- Born: 1984 (age 41–42)
- Education: University of Amsterdam
- Occupations: curator, art historian

= Angela Jager =

Dutch art historian and curator (born 1984)

Angela Jager (born 1984) is a Dutch art historian and curator, known for her research and contributions to the fields of Dutch Golden Age painting and Flemish painting. She is Curator of Dutch and Flemish Old Master Painting at the RKD – Netherlands Institute for Art History, in The Hague.

==Education==
Angela Jager received her PhD in 2016 from the University of Amsterdam. Her doctoral research focused on inexpensive paintings in seventeenth-century Amsterdam and was based in part on the study of over 300 probate inventories from lower-middle-class households.
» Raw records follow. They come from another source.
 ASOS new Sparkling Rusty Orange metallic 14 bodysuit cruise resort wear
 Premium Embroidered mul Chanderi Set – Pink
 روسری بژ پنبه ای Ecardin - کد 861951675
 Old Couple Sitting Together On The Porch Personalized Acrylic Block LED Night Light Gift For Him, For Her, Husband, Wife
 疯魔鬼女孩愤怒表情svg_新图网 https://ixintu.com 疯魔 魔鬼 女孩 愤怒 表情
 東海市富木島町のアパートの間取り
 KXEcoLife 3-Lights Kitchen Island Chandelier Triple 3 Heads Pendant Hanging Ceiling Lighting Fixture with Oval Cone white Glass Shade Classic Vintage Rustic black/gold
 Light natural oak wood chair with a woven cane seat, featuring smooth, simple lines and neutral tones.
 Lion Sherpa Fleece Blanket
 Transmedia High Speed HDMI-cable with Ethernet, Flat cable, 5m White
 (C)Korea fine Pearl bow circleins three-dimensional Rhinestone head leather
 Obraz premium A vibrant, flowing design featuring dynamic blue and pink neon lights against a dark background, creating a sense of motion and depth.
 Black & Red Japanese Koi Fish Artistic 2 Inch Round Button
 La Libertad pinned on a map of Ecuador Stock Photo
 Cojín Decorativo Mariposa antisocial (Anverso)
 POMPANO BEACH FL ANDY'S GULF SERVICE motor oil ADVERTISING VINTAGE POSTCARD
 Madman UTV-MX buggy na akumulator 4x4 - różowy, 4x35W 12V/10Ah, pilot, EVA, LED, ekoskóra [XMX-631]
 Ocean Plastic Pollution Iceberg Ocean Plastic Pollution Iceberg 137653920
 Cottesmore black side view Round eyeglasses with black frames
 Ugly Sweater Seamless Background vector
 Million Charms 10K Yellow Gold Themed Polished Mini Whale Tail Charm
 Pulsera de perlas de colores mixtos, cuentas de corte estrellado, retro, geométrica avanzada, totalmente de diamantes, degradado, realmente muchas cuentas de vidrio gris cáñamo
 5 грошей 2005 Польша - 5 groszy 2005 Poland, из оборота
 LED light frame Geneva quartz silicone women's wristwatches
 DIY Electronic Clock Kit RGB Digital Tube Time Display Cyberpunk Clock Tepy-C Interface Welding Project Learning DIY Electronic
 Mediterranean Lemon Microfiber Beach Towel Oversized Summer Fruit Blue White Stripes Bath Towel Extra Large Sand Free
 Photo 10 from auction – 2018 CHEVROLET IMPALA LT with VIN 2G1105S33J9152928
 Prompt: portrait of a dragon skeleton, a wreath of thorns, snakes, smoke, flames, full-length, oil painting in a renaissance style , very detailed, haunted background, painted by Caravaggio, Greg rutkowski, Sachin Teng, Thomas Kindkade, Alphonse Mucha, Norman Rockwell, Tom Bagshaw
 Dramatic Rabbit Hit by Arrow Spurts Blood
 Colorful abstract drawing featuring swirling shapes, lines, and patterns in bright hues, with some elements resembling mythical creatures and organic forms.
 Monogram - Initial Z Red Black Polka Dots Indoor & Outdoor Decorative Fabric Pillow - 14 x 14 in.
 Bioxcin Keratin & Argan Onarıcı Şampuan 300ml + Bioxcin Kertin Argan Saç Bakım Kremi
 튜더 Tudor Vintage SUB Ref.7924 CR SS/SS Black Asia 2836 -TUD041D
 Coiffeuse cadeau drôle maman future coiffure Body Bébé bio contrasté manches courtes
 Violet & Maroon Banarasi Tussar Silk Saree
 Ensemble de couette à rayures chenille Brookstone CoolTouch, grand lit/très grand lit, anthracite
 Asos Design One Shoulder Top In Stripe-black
That same year, won the Association of Research Institutes in Art History Prize for Online Publishing for her article “‘Everywhere illustrious histories that are a dime a dozen’: The Mass Market for History Painting in Seventeenth-Century Amsterdam,” published in the Journal of Historians of Netherlandish Art.

==Career==
Following her PhD, she worked as a postdoctoral researcher at the Statens Museum for Kunst in Copenhagen, where she studied a large private collection of Old Master paintings. From 2019 to 2021, she was a researcher at the University of Geneva, contributing to the RKD-database "Visiting the Golden Age".

In November 2021, Jager was appointed as Curator of Dutch and Flemish Old Master Painting at the RKD. In this role, she is also working on a collection catalogue of Dutch and Flemish old master paintings from the Nivaagaards Malerisamling in Denmark, alongside Jørgen Wadum.

Jager and Wadumn in 2023, found through their research, that two separate portraits by Cornelis de Vos were actually once part of a large canvas and were therefore one large portrait that has been separated. The discovery was covered in global news outlets, including NPR.

==Research and grants==
Jager's research interests include the international art trade in the early modern period, workshop production, and the interpretation of archival sources related to artists and art dealers. She has received significant grants, including a Marie Skłodowska-Curie grant for her research.

==Publications==
- The Mass Market for History Paintings in Seventeenth-Century Amsterdam: Production, Distribution and Consumption. Amsterdam: Amsterdam University Press, 2020.
- "Selling Paintings to Sweden: Toussaint Gelton’s Correspondence with Pontus Fredrik de la Gardie." Oud Holland - Journal for Art of the Low Countries 133, no. 2 (2020): 108–127.
- With Stephanie Dickey. "New Light on Family Ties: Rembrandt, Vinck, Van Swanenburgh." Kroniek van het Rembrandthuis, 2022.
- With Marije Osnabrugge, contributions by Susanna Bartels and Lucie Rochard. Op bezoek in de Republiek: Reisverslagen uit de zeventiende en achttiende eeuw. Zwolle: WBOOKS, 2022.
- With Jørgen Wadum and Marta Domínquez-Delmás. "Unraveling a 17th-century North Netherlandish Panel Maker." International Journal of Wood Culture, 2023.

==Exhibitions==
Jager has contributed to several exhibitions, including:
- Visiting the Golden Age (University of Geneva)
- Dutch and Flemish Old Master Paintings (Nivaagaards Malerisamling)

==Affiliations==
Jager is an Associate Member of CODART and the European Liaison of the Historians of Netherlandish Art (HNA). She also co-hosts the HNA Podcast, highlighting new scholarly work in her field.